Whilst I remain a total novice in the coffee world I am trying to learn fast, and really enjoying it. I have read a lot on this site which has been amazingly helpful and one of the reasons I plumped for this grinder

Only had it a week or so but already seeing tremendous results. Having previously been happy with preground supermarket coffee I am pleased to acknowledge that the overwhelming view that a grinder is essential is unquestionnably true.

This grinder has made my expresso delicious already and Im still just getting used to it. Its extremely quiet - with two young children in the house this is essential at nap and bedtime, and capable of very very fine adjustment.

Initially my gridn was too fine and totally choking the classic but now Im hitting a double shot in 25 seconds perfectly.

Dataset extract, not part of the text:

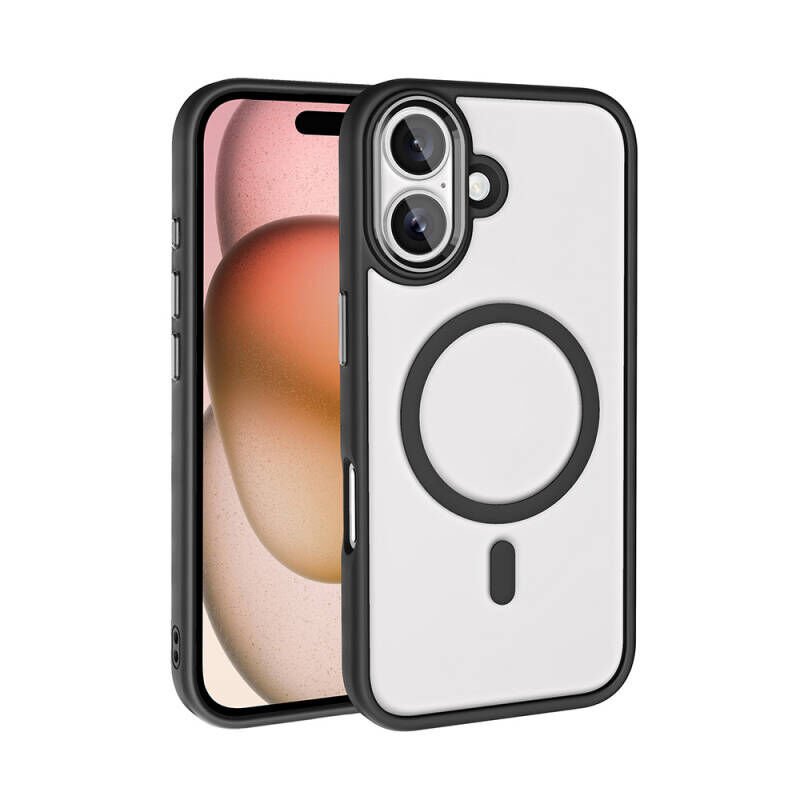 Apple iPhone 16 Plus Kılıf Wireless Şarj Özellikli Zore Krom M-safe Silikon Kapak Siyah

overall very happy, the machine is very easy to use, looks smart, is solidly made, and produces a great grind. Many have said before that its clumpy which i have found true but with a little stir all is good.


----------



## Charlie B (Jan 10, 2013)

I'm still getting to grips with my one, not even put a KG through it yet, but can easily see there is great potential in these machiens and happy I opted for a Mignon.


----------



## Big Tony (Dec 18, 2012)

I'm really glad you started this thread actually... Because I've just bought myself a Eureke Mignon yesterday








I bought mine from Sarobin (forum member) and have to say that I'm really happy with it. He had it dialed in for his machine but that was too coarse for me. That said, I am trying to dial mine in with Starbucks signature blend which were roasted mid february!! Might be a bit stale.









Like you, I can vouch for how quiet it is and think that the build quality is second to none. I'd thoroughly recommend this grinder to anyone







I've included a couple of pics to show mine off and I've also included a pic of the adjustment dial. I know that people say that the sticker is just stuck on top of the dial so it can't really be relied upon. I don't know how true this is but I wanted to ask fellow users who also own a Gaggia Classic what kind of dial setting they are currently using. Mine is showing around the 5 mark but this produces 2oz in approx 20 seconds. I'll be adjusting it when the caffine levels subside! I think Sarobin had it around 4 - 4.5 which produced me 2oz in 11 seconds. I'm thinking that I might have to go to approx 6 to get it tuned in properly.

I did read on an old post that someone had theirs tuned in between 6 and 7 - hence the reason why I ask fellow owners with Classics. Let me know your thoughts...


----------



## thomss (May 9, 2011)

Bought mine from her too great service and love the little grinder


----------



## 4085 (Nov 23, 2012)

Tony, forget the numbers on the top. The adjustments you need to make, usually, are very small. If the pour is 20 seconds, adjust it maybe 2 mm and try again. In the 3 years I had one, after it was dialled in, the adjustment process was automatic with eyes shut!


----------



## The Systemic Kid (Nov 23, 2012)

Nice one Tony. The Mignon should make a big difference to grind and shot quality once you're dialled in.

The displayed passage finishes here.